I hadn’t checked out Alphaville for a while but when I did the other night I realized it was part of a cultural memory of mine that was instilled in me and helped shape my world view even if I hadn’t remembered every detail of the script. Here Lemmy Caution (a/k/a Ivan Johnson from Nueva York) is being asked “security questions” by Alpha 60, the farcically portrayed computer intelligence that rules Alphaville. Of course, the “security question” thing resonates with what happens every time you forget your “password” on sites from banks to Barnes and Noble. I always give absurd and illogical answers to these questions in the hopes that I can avoid profiling every single time I forget my password on every one of these corporate-owned sites. At least, like “journalist” Lemmy, while I’m still on the story.

The question he is answering here is “What is your religion?” The answer he gives is as close as I can think to my own, something that, as I viewed it, kind of froze me in my tracks. “I believe in the inspirations of conscience,” he responds in this version. Another version I saw on Netflix read “I believe in the spontaneity of conscience.” At first I believed I preferred the phrase “spontaneity of consciousness,” but after further reflection, it occurred to me that the French word “conscience” meant “consciousness,” and that consciousness implied a kind of moral obligation. If we are “conscious,” then we are responsible for each other. Thought back to that book Balibar wrote about the connection, or lack of, between Descartes and Locke, and how a French translation had mis-interpreted that Locke meant “conscience” when he really just meant “consciousness” sans this sense of morality. All of this gives the scene additional weight.

Pero anyway, for me that spontaneity of conscience is clearly God, like Spinoza said. I feel like I’m in church when ideas are in my body, pulling me along against this bad case of postmodern time-drift. I see it sparkle in me, and in the eyes of those beside me, around me, speaking in my own head as if they shared my body.

The previous question, “Do you know what illuminates the night?” elicits another perfect answer, “poetry.” Many subsequent scenes are dotted by the poetry of surrealist poet Paul Eduard, a riveting Godard strategy that also shows up in Pierrot Le Fou. Somehow I must have brought this memory with me to the stage every time I tried to make words rhyme or at least crash up against the listener, expecting spectacle or silence. This entire scene, played for laughs but dead serious makes the whole HAL 9000 thing in 2001 A Space Odyssey seem like an overwrought ripoff. But most importantly, it defines the dread every man/woman’s soul should feel when probed by the disembodied algorithms that have now come to rule almost all market and non-market interactions.
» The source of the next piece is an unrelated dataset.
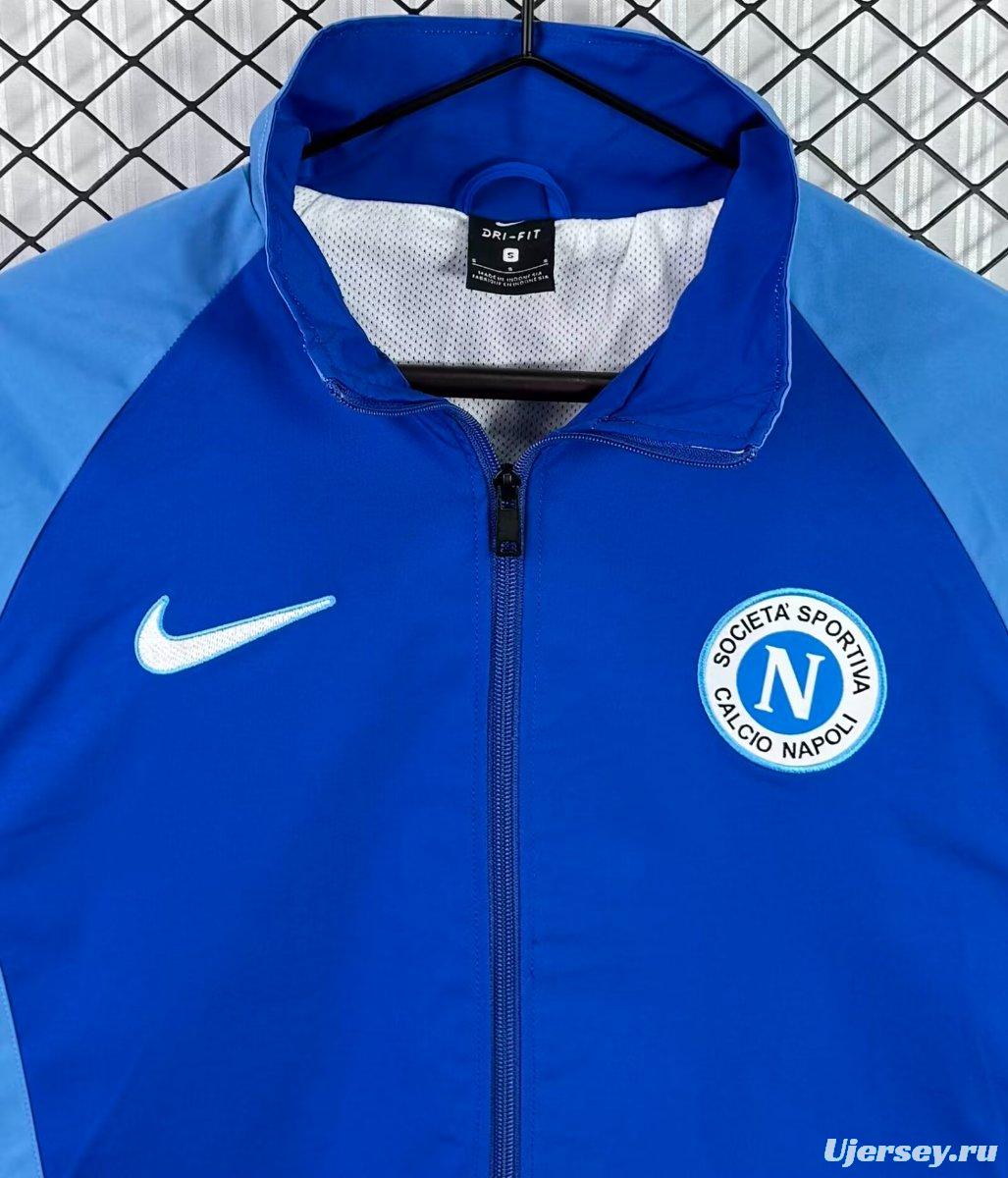 Retro 1998/99 Napoli Blue Light Blue Full Zipper WIndbreaker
Godard may have been aware of the critical turn from “conscience” to “consciousness,” and despite, or perhaps because of the fact that his point of view is a bit mired in a patriarchal romanticism, the scene reveals why it’s such a chore for the Western subject to avoid devolving into a guilty preoccupation with his inability to grasp the other. Probably the most important thing about the Occupy movement (another irony here–if you watch the entire film, immediately preceding this interrogation scene is a shot of Alphaville agents escorting Lemmy down a corridor where the signs on the doors, which say “occupied” or “free” speak aloud, and his progress is marked by several doors saying “occupied, occupied, occupied”) is that at least for this moment, there is a voice that believes in the spontaneity of conscience as religion, a voice that knows that poetry is what illuminates the night, and is clearly visible, like that 99 per cent logo projected onto Downtown buildings.

Before Occupy, it felt like the grim (and of course sometimes darkly funny) world of Alphaville was in full effect, and there was no counterbalancing voice. This is why the Republican primary process is so thrown off now, because it was conceived for that world that existed before Occupy, when their sarcastic austerity sloganeering could fly as something close to mainstream. Score one for the people. But there’s still so much to be done. There will be a renewed attempt to silence any sort of narrative of resistance, most likely through the destruction of net neutrality or blocking communication and disrupting the uncontrollable activity of citizen journalists. And of course always lurking is the pet project of the cookie-probers, the market-is-life crowd–the destruction of love.